Workers can lose everything when their employer files for bankruptcy. At least for now.

A pro-labor movement sparked by the employees of Toys “R” Us Inc., and taken up by Sears Holdings Corp., has reached the U.S. Congress.

Representative Tim Ryan, an Ohio Democrat, said he plans to reintroduce 2017 legislation that would define worker claims in bankruptcy as administrative expenses, meaning they’d be paid in full, like the investment bankers, consultants, lawyers and liquidators who earn millions of dollars dismantling dying companies.

It comes after 19 Democrats, including Ryan and presidential candidates Bernie Sanders and Tulsi Gabbard, teamed up in July to demand answers from Toys “R” Us’s owners after its bankruptcy left workers in the lurch.

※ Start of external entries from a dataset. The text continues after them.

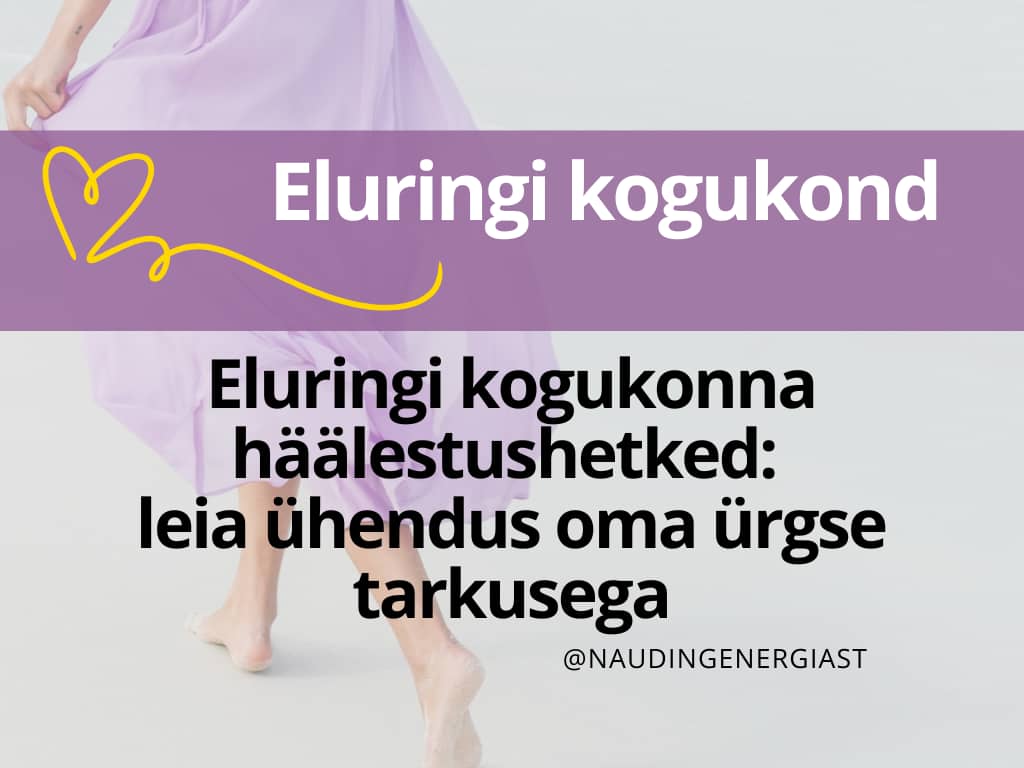 Eluringi esmaspäevad - nädalat pehmelt alustav rituaal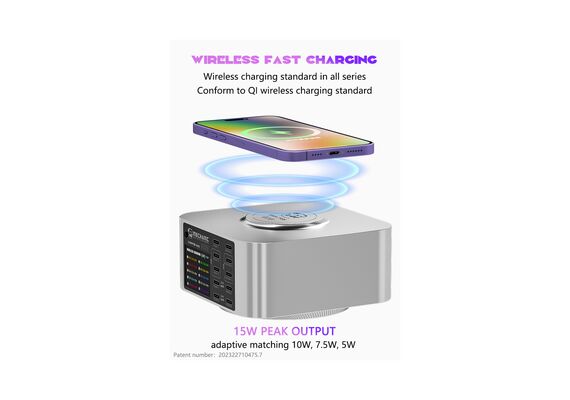 تصویر محصول مولتی شارژر سریع مکانیک مدل X-Power PLUS تصویر شماره 9 , - فروشگاه فون پارتس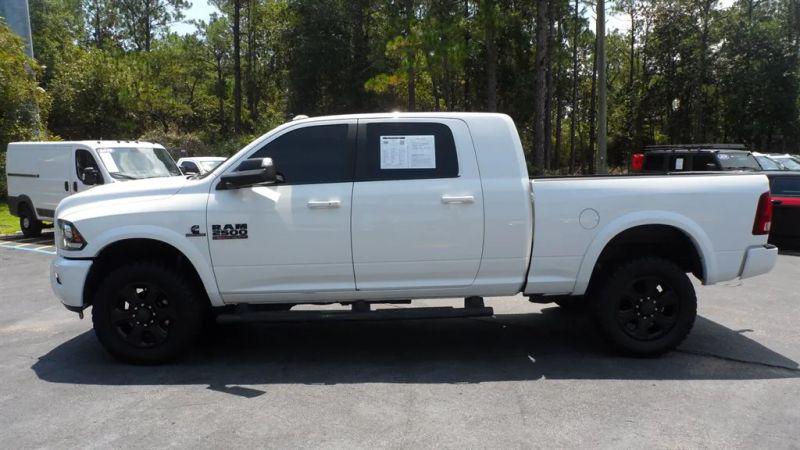 2018 Ram 2500 Laramie Mega Cab 4x4 64 Box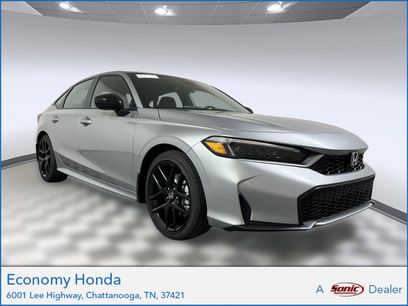 New 2026 Honda Civic FWD Hybrid Sedan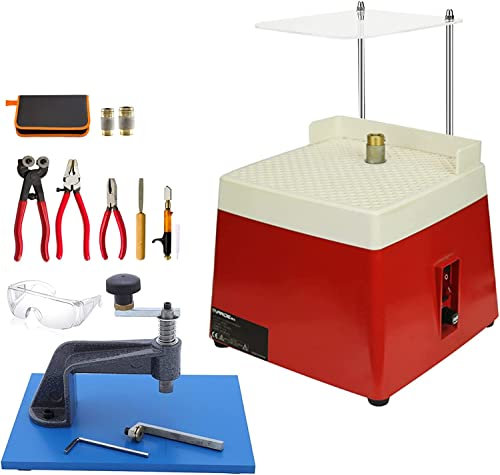 Mini Smerigliatrice For Vetro Portatile Da 65 W, Macchina For Smerigliatrice Professionale For Ceramica Diamantata Fai Da Te, Con Punte For Smerigliatrice Da 5/8 E 1(B)
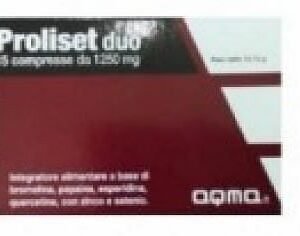 Proliset Duo 15 Compresse
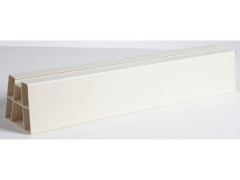 SUPPORT AU SOL PVC 450MM IVOIRE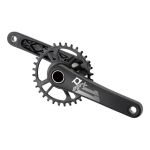 Foaie angrenaj Shimano SM CRE60, pentru FC E6000 Steps, 38T, negru/argintiu Ultimate FactoryBikes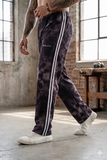 Retro 2.0 Bootcut Trackpant- Black CloudWash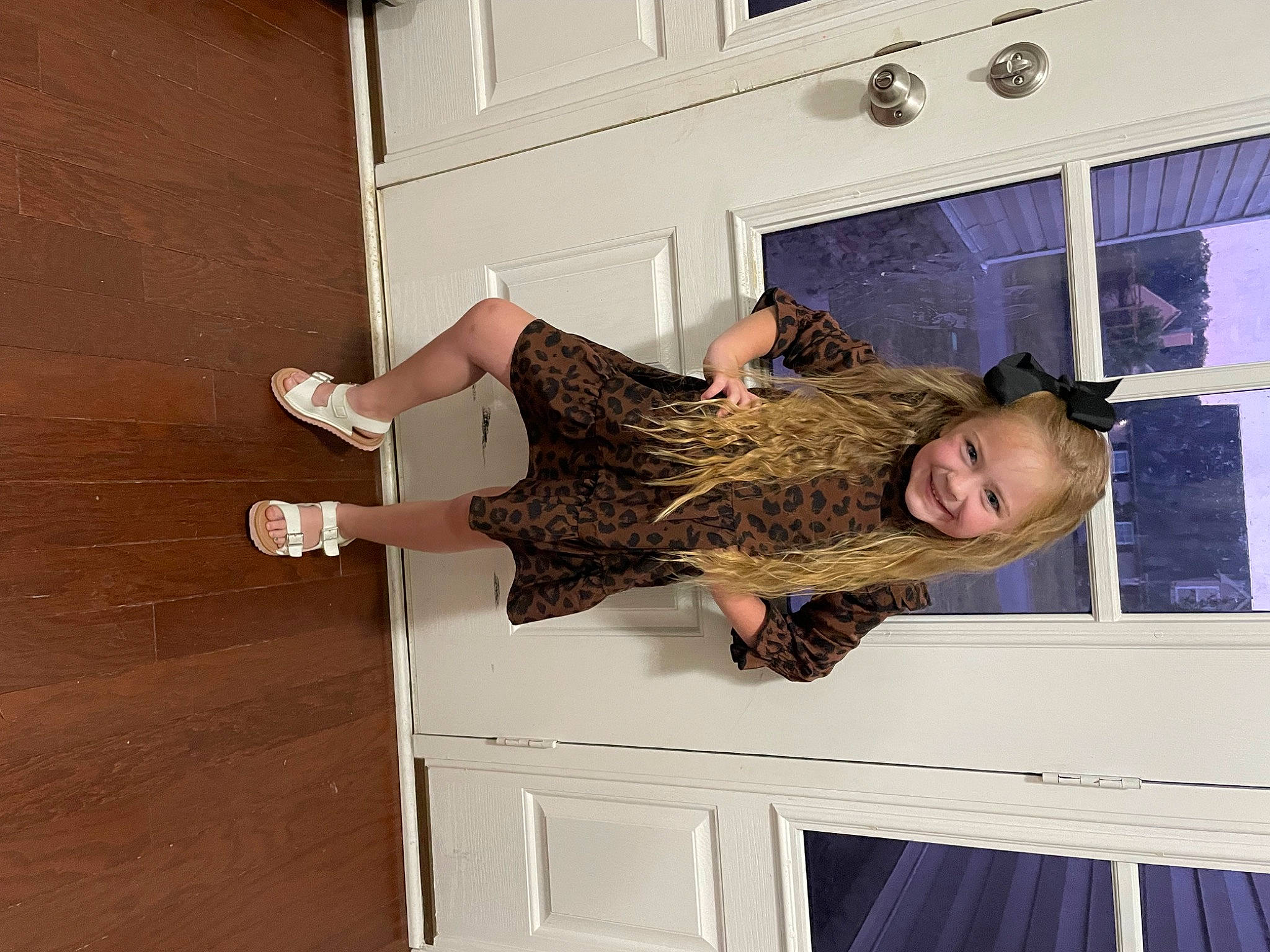 Brooklynn is registered to the contest to win money with this photo: comfort, elbow, fashion_design, flooring, fun, happy, hardwood, human_leg, joy, knee, pattern, person, room, smile, thigh, waist, wood, wood_stain, wrist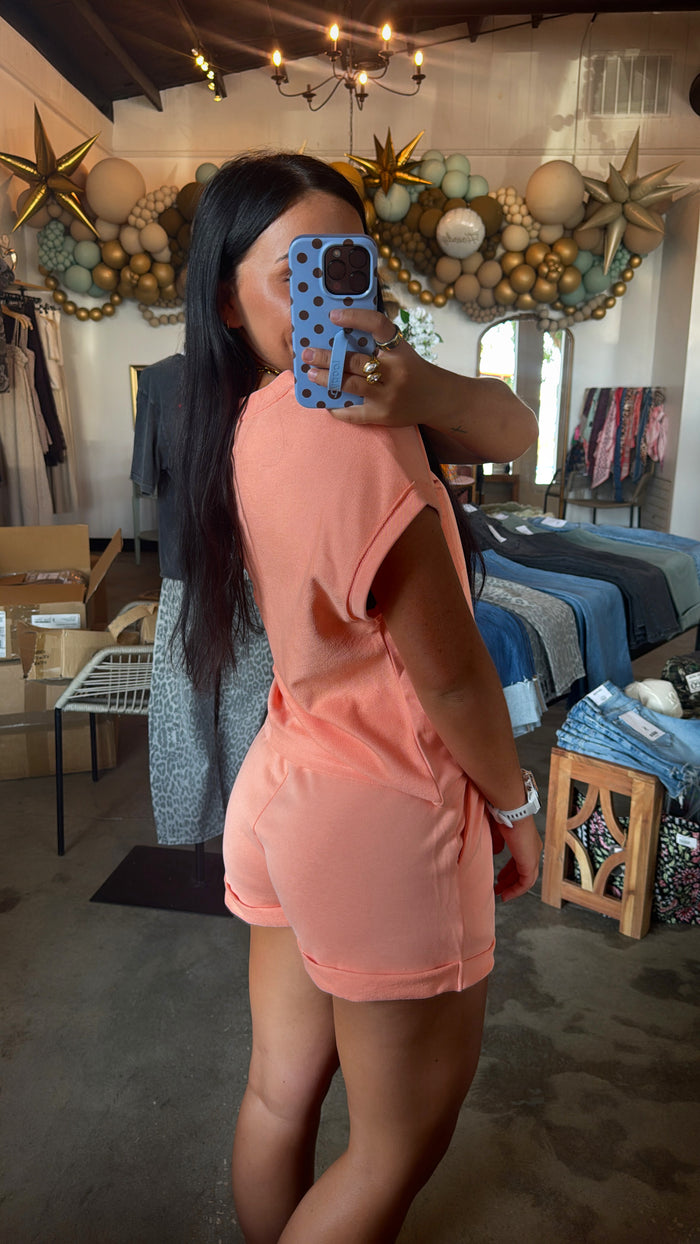 Peachy Set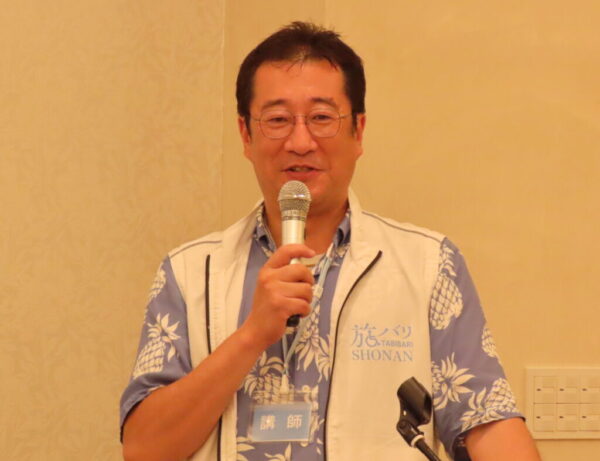 NPO法人 湘南バリアフリーツアーセンター 理事長 榊原正博 氏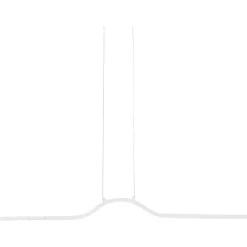 HONGU - Hanglamp LED - Wit - Metaal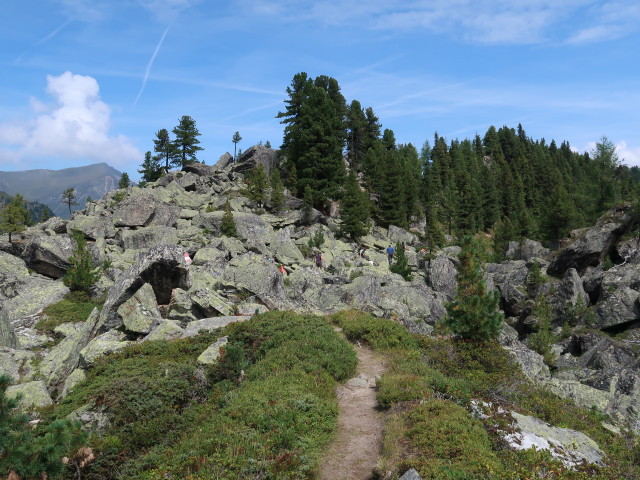 Schartle, 2.084 m (18. Aug.)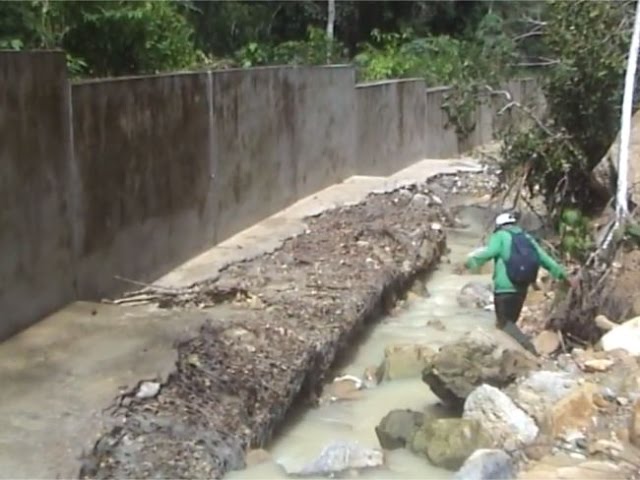  “Lo que él río se llevó”, Proyecto Ahuashiyacu se hace agua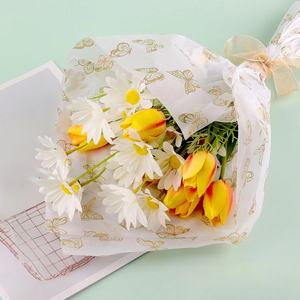 Özel tasarım kendi <span class=keywords><strong>Logo</strong></span> ambalaj kağıt mendil giyim çiçek hediye ambalaj kağıdı ambalaj küçük iş için - Product Image 6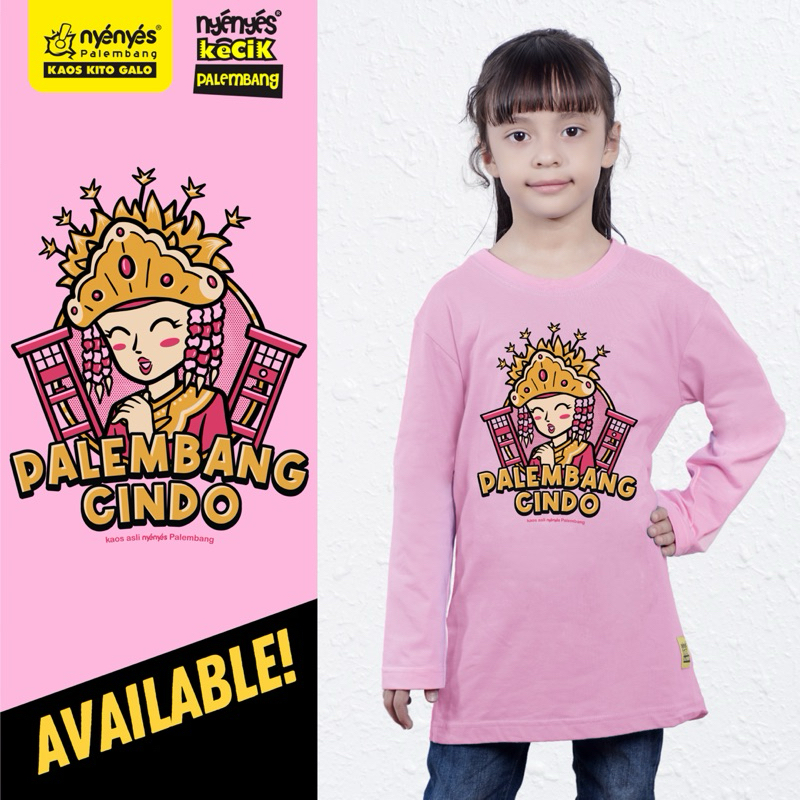 PALEMBANG CINDO | KAOS ANAK PALEMBANG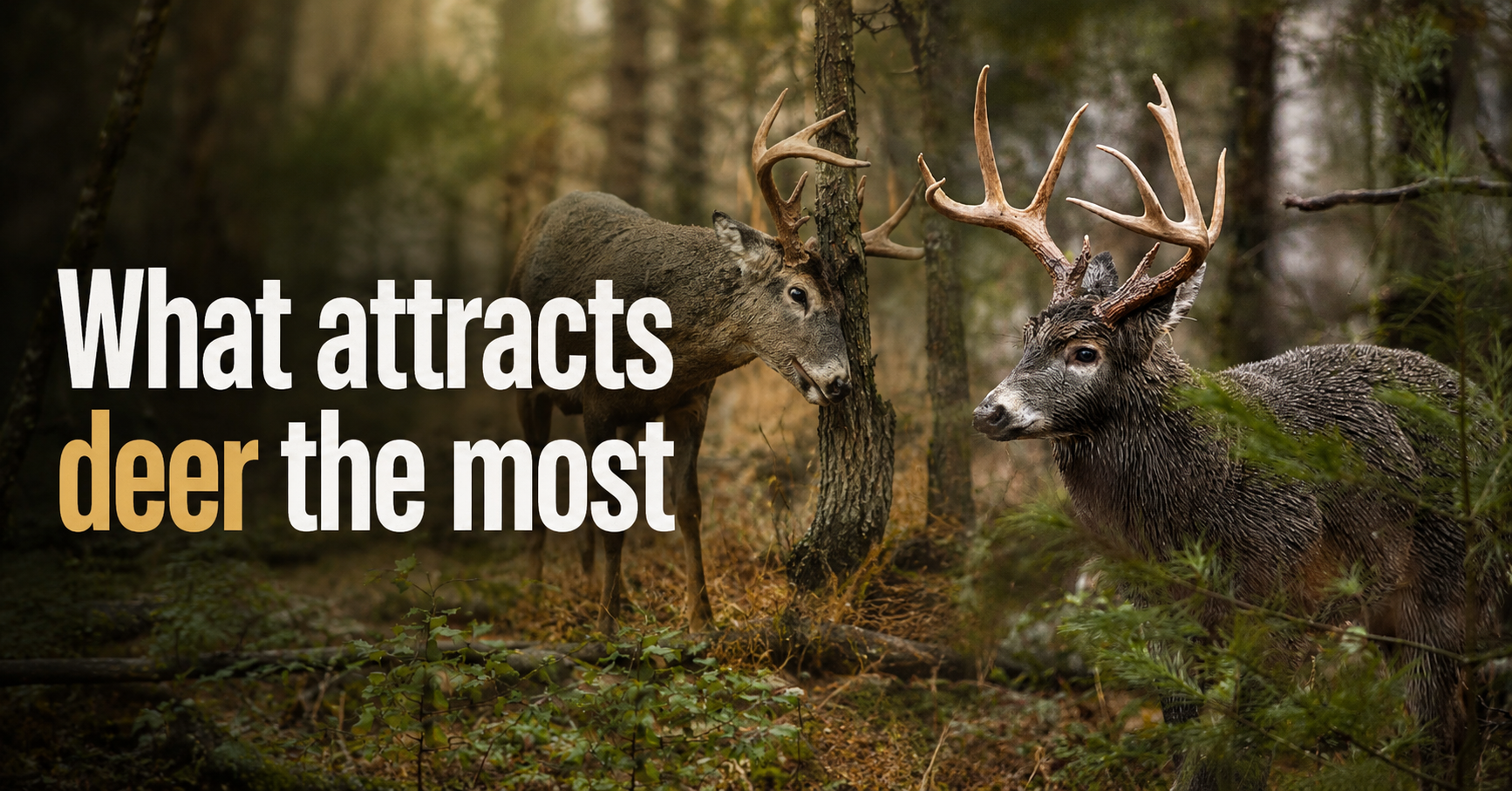 what-attracts-deer-the-most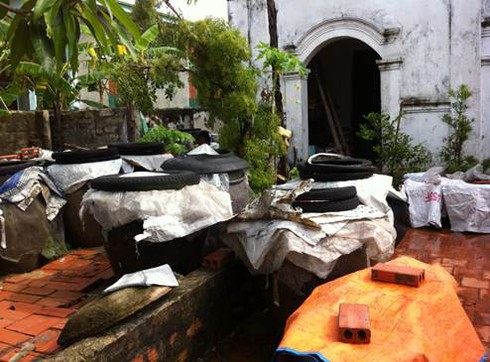 Khám phá ngôi nhà trát bằng mật mía, giá chục tỷ trên đảo Quan Lạn - ảnh 13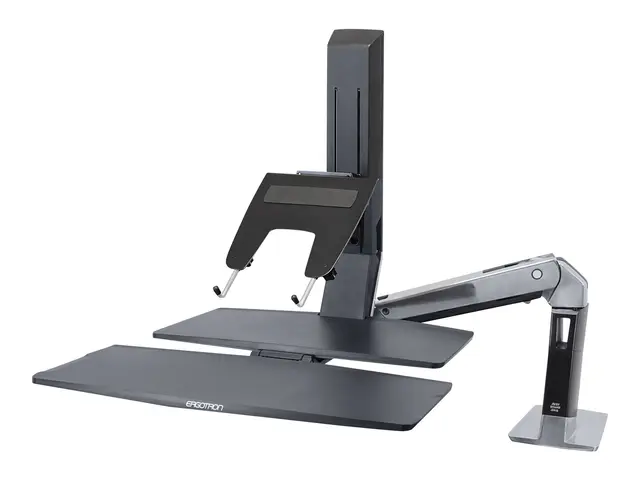 Ergotron - Monteringsbrett for notebookarm svart NX; LX Dual Side-...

Representative Alexandria Ocasio-Cortez released a video featuring struggling former Toys “R” Us workers on the first Black Friday since their layoffs. And Senator Elizabeth Warren, another 2020 candidate, publicly challenged former Sears Chairman Eddie Lampert’s “commitment to the company’s employees” in a January letter.

Ryan said the stories of workers whose finances were devastated during the 35-day government shutdown, which ended Jan. 25, highlighted the need for such measures.

“It laid bare that workers who are perceived to have pretty solid jobs could not miss one paycheck,” Ryan said in an interview. “They were at the food pantries.”

Ryan’s Legislation

The bill would prioritize pension claims for fired workers when their companies go under. It joins legislation to hike taxes on the wealthiest Americans, provide wage and leave guarantees and restrict corporate share buybacks.

Though the bill is a longshot to become law because it would have to pass the Republican Senate, it could lead to legislation on the state level that would complicate the bankruptcy process.

Labor’s drive to be recognized as a full partner in the U.S. economy, boosted by a low jobless rate, was given a jolt by the Toys “R” Us workers. They pressured KKR & Co. and Bain Capital, the retailer’s private equity owners, to create a $20 million hardship fund in November for workers such as clerks, cashiers and warehouse staff hurt by the retailer’s liquidation. And after Sears filed for bankruptcy in October, it was Lampert’s vow to save about 40,000 jobs that helped him win a bid last month to keep the retailer in business.